One of the biggest things I learned working for a bank was that there is never a good time for an outage.
Take, for example, my ongoing argument about how we had to reboot servers with as little downtime as possible during our deployment process. This is pretty simple, right? If you have to reboot something, it has to be turned off for a little while. Now with a clustered distribution setup like we had, with ten servers in three locations (30 servers), we would deploy to every server in location A, reboot, then B and so on. Now naturally this causes an outage in each location, and we always had different ideas about how to handle it.
One option would be to have the second step of our deployment process be to put up a ‘Sorry’ page, saying the service was offline, and then push to all three locations at once. That minimized downtime to about thirty minutes on average. We’d push the code zipped up to the servers as step one, sorry page was two, gently disconnecting inflight traffic without losing any transactions was three, and unzipping new files was four. If needed, reboots were five, and then six was to remove the sorry page. Pretty fast, right? The downside was that there was an outage, and if we had a problem it would take longer to fix.
The other main option would be to turn off location A, shunt all active users to B and C, upgrade, and repeat. This took longer, usually around 90 minutes, but no service outage, right? Right…? Nope! The problem with shunting users was that we had to wait until the transactions were done before we could redirect them to the new server, which meant servers at locations B and C would be handling a sixth more traffic each, which meant when A came back online and we sent traffic to it, it was more than we had moved off it, so it took longer. Oh, and now A has new code, which B and C does not, so now we have two versions of the service running, and we can’t dynamically flip people around. We have to check service versions before our Round-Robin would work.
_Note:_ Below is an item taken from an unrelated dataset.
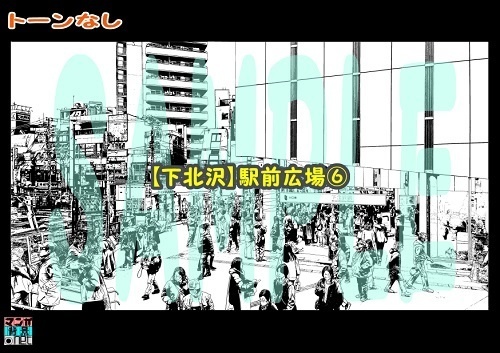 【マンガ背景用素材】【下北沢】駅前広場⑥【夜/昼/トーンなしセット】【3変化対応】【zip転送で中身はclipファィル】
Now, in both cases, the longest part of the process was usually the ‘gently disconnect all inflight traffic’ part. But you can see how it gets super messy really fast. The reason this was always a point of contention was that we really didn’t want our customers to have downtime because there was absolutely never a good time for everyone. We picked Thursday nights at ten pm Central for our updates, since we were a Chicago based company, but as time went on, we had to move some to Friday, which you’d think would work for a bank. After all, no one does business on weekends?
I hope you laughed a little at that.
As the Internet makes it more and more possible to work at any hour, we find that services need to be available at any hour. The whole concept behind ‘business hours’ making things standard never really worked for everyone. I mean, if your company was 9-to-5, you would have to do the brunt of your personal business on lunch and breaks. At least today, if I needed to run a personal errand at 2pm, I can just leave and come back to finish my work. Can’t do that at a bank, though! People need to come there to get their work done, so you have to be there.
It’s really annoying, and it comes down to a simple fact: There’s never a good time to turn something off.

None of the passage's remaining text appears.